▶ Input data:
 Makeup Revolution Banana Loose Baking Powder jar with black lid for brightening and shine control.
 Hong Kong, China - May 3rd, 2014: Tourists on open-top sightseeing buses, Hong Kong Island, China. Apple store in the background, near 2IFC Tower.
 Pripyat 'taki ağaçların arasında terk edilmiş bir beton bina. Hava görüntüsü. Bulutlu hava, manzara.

▶ Requirement: The material above is to be reproduced exactly as written.

▶ Solution below:
 Makeup Revolution Banana Loose Baking Powder jar with black lid for brightening and shine control.
 Hong Kong, China - May 3rd, 2014: Tourists on open-top sightseeing buses, Hong Kong Island, China. Apple store in the background, near 2IFC Tower.
 Pripyat 'taki ağaçların arasında terk edilmiş bir beton bina. Hava görüntüsü. Bulutlu hava, manzara.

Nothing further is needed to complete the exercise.